Advertisement

Outraged Residents Don’t Want to Dry Up : Lake Morena’s Draining Makes a Lot of Waves

Share
Times Staff Writer

Jerry McKee gazes angrily at the water on Lake Morena.

“I can stand at my window and watch the water level drop every day,” McKee said from the lakeside site where he is building his new home.

As people like McKee try to figure out a way to save Lake Morena in southeast San Diego County, the city’s Department of Water Utilities is emptying it at a rate of 15 million gallons a day.

After Superior Court Judge William C. Pate ruled last month that draining the city-operated reservoir did not require an environmental impact report, the city opened the flood gates. Since then, the lake has dropped 10 inches and could continue to drop at least an inch a day for months, officials say.

Advertisement

Lake Morena Village residents are furious and plan to file a complaint with the state Water Resources Board alleging mismanagement of the water. A lawyer who represents the Lake Morena-Campo Chamber of Commerce said local residents are thinking about suing the city of San Diego for wasting taxpayers money.

Large and Shallow

City officials say the evaporation at the lake makes it impractical to keep it full and that Otay Reservoir, where the water is being sent, needs to be kept full in the event of an emergency.

“Morena is an inefficient reservoir because it is large and shallow.
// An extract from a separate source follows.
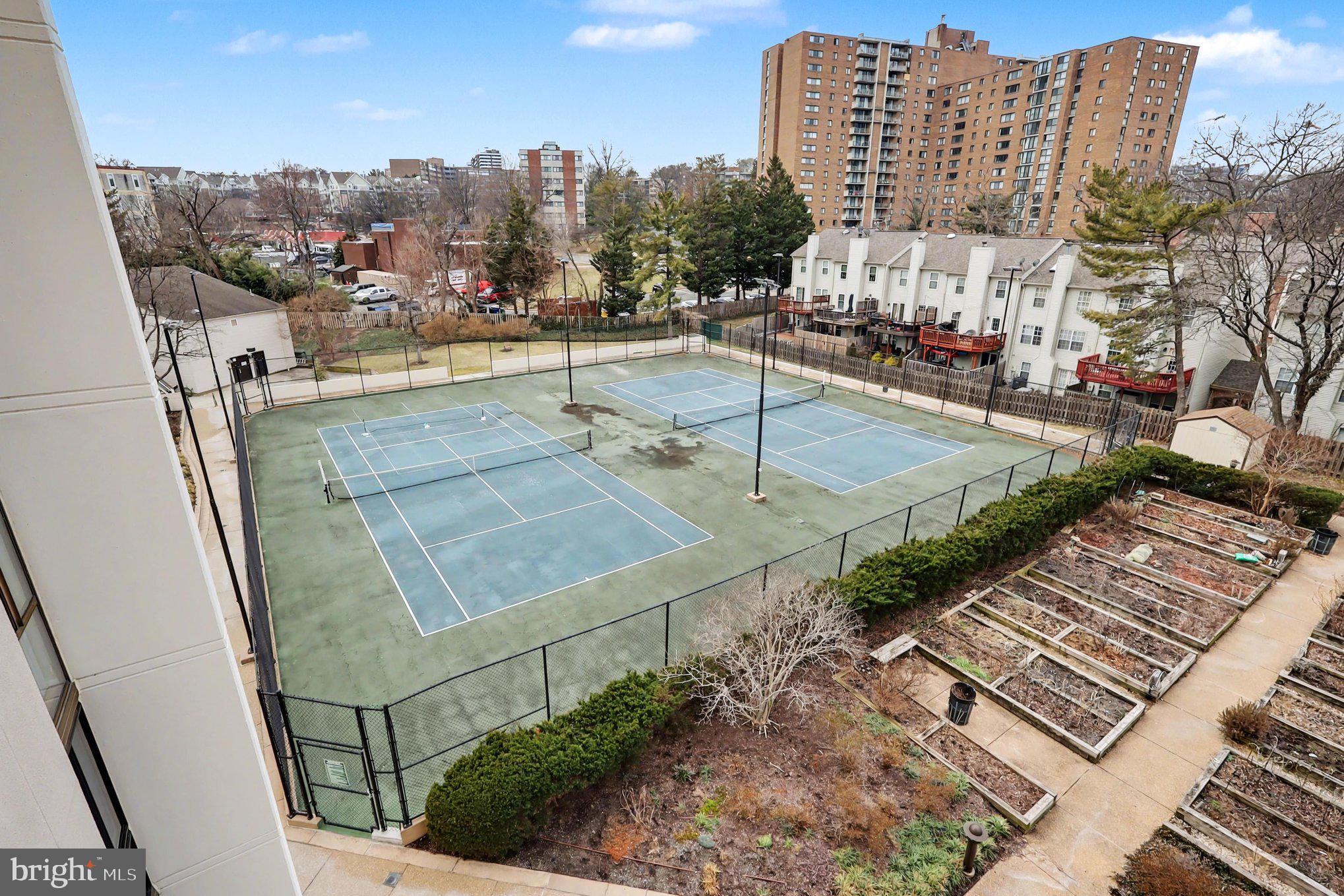 GREENHOUSE - Residential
We have more evaporation at Morena than the other reservoirs . . . so it is to our advantage to have less water in Morena and more in the other lakes,” said Will Sniffin, deputy director of water production for the Water Utilities Department.

The water is being transferred first to Lake Barrett and then to Otay Reservoir where a filtration plant treats the water before it is pumped into the city water system, Sniffin said.

Exactly how low will the lake get? Sniffin said it depends on the amount of rainfall and runoff. “At this point we can’t tell you. . . . It will never be empty,” he said. “We can only draft down to a certain point anyway.”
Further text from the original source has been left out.